Friday, March 28, 2014

CESAR CHAVEZ

March 28, 2014:

          Today's NY Times has a review of a biopic about Cesar Chavez, who founded the farmworker's union back in the 1960s and became a cause celebre when the Left thought it was going to change the world. The movie doesn't sound like it's very good and I'm not going to see it, but the review brought him back to mind. I think it was 1968 when I met him. I was working for Sherman Fairchild as his business historian, but as an adjunct to that job I was asked to investigate the U. S. medical system and write a report for the Fairchild Foundation identifying research opportunities for the Foundation to invest in. This was a big job and it sent me to various places around the country. I talked to the heads of the Harvard Medical School, the National Institutes of Health, and any number of scientists from New York to San Francisco. At a conference in Boston Ralph Nader tore into me because one of the Fairchild companies had just made a prototype for a super-safe automobile under some sort of Federal contract, but wasn't following up on it by going into the car business; and this seemed to be my fault. I've thought Nader was an asshole ever since.

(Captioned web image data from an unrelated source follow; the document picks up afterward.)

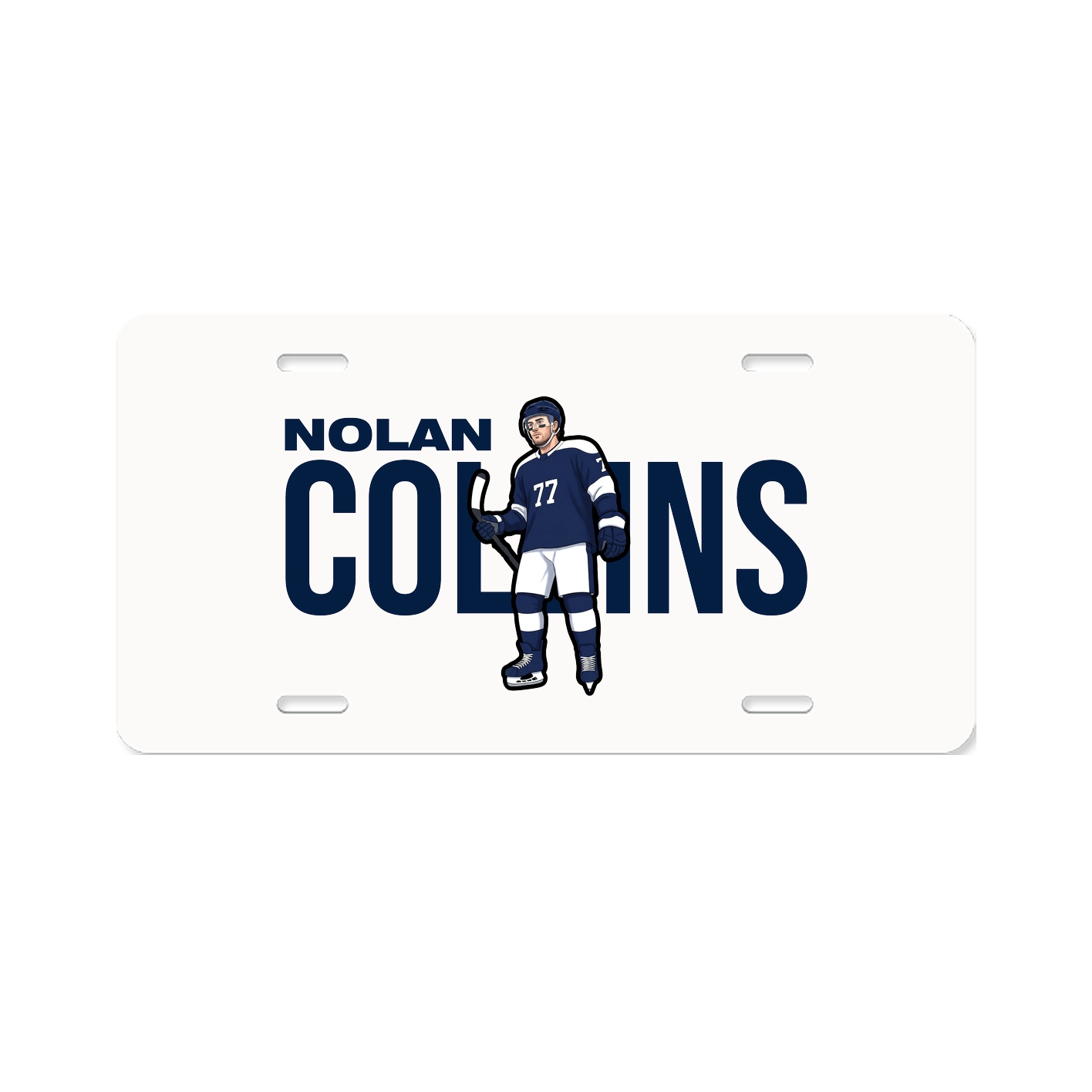 License Plate — Player Name in Classic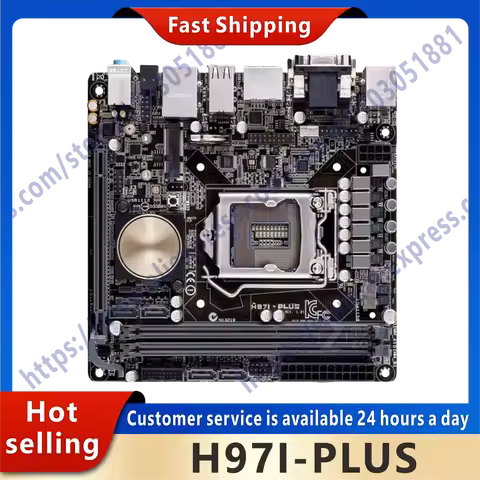 NEW Used H97I-PLUS desktop motherboard H97 LGA 1150 for Core i7 i5 i3 SATA3 USB3.0 original motherbo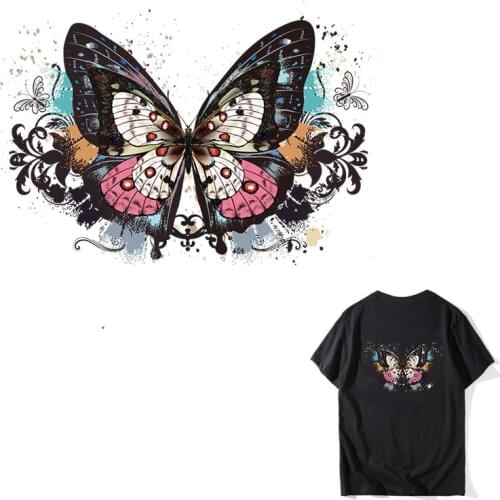 COSBILL Butterfly Patches Imaginations Iron On Applique For A-level Washable Clothes DIY Accessory Decoration Sticker Y-011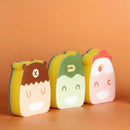 Cute cartoon kitchen sponge for dishwashing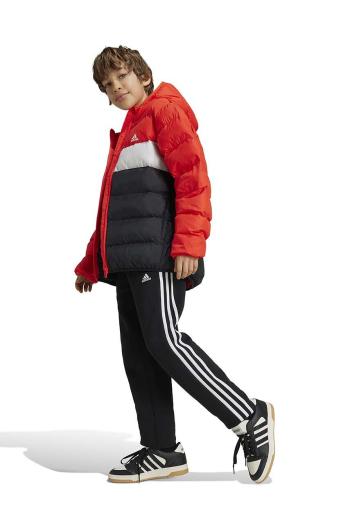 Dětská bunda adidas J SDKT oranžová barva, IY6914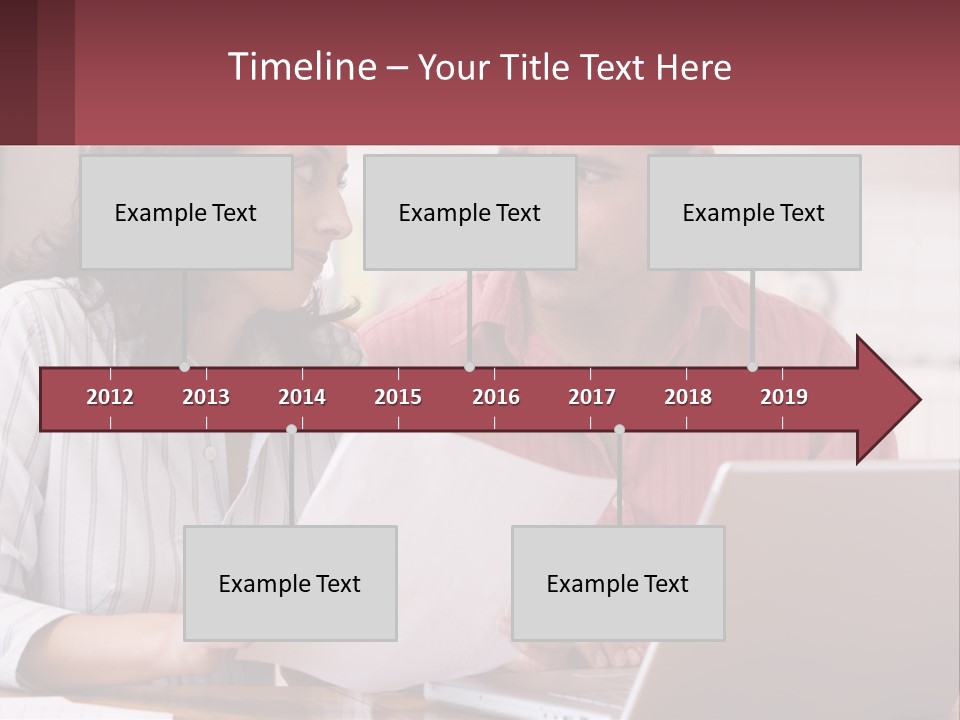 Nature Blue Sky Grass PowerPoint Template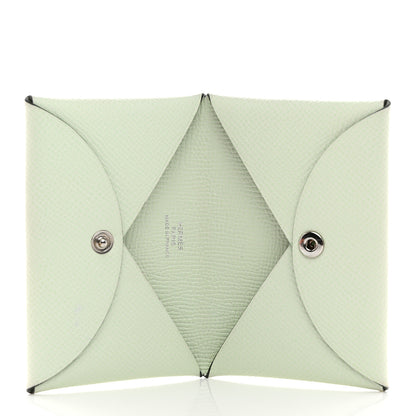 Hermes Epsom Calvi Card Case Vert Fizz 5 of 8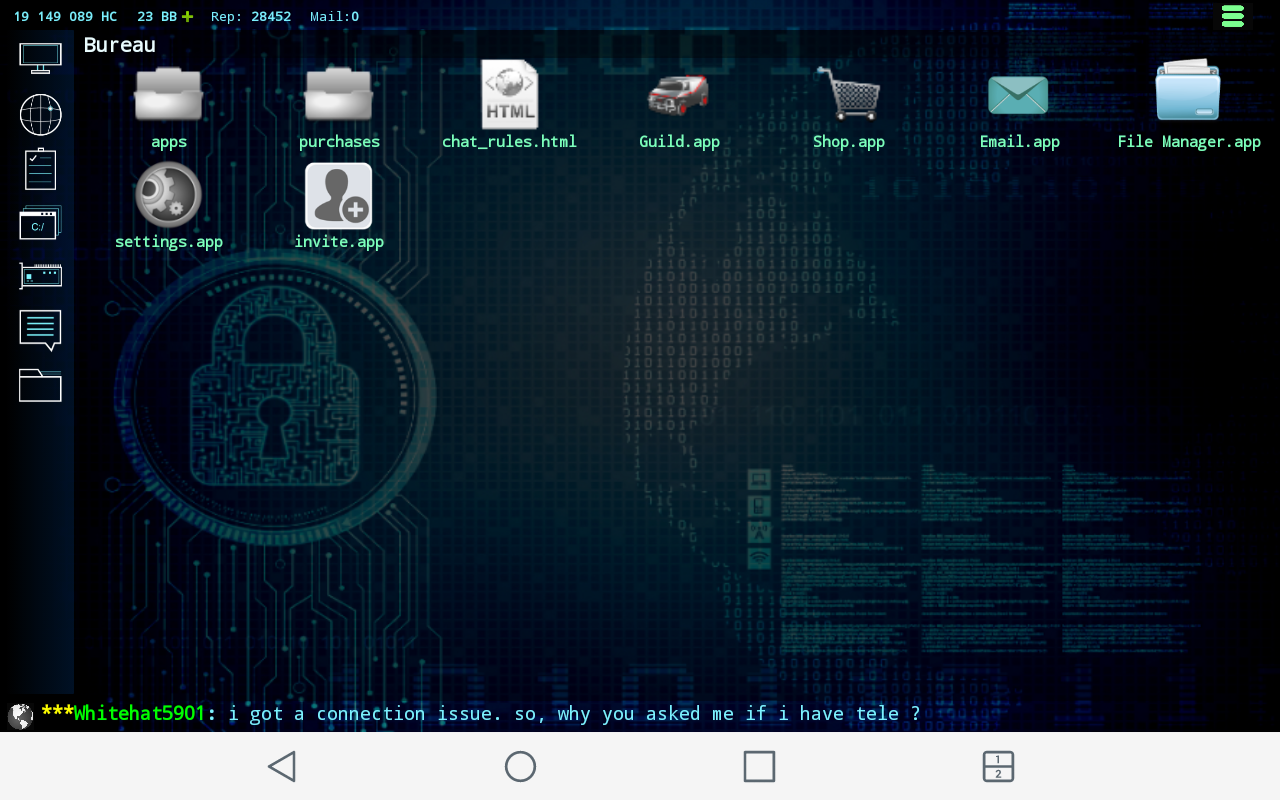 Hackerz - MMO simulator 遊戲截圖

          I think it was at this same conference in Boston that I met a representative from the farmworkers' union. She was there to ask for help for the medical clinic that the union had set up in Delano, California. She worked for Chavez, or had donated her time to him--I wasn't sure which--and asked  me, if I was going to be in California, to come with her and see him. As it happened I was going to California to talk to some other people, and I agreed to drive up to Delano with her. I flew to Los Angeles, talked to somebody at UCLA, had dinner with this woman one night, and then we drove to Delano the next morning and she took me into Chavez's room. It was the ninth day of his famous fast. The room was absolutely bare except for the narrow cot he was lying on, one chair, and a crucifix on the wall facing the cot.

          She--I wish I could remember her name--sat down on the cot and held his hand while they talked. I simply listened. They talked about non-violence and the importance of sticking to it, worried about another activist who was advocating violence, went over some other problems the union was having. Nothing earth-shaking was said. He was not making a speech for my benefit. He more or less ignored me. He was, of course, very weak. You can't starve for nine days and be anything but weak.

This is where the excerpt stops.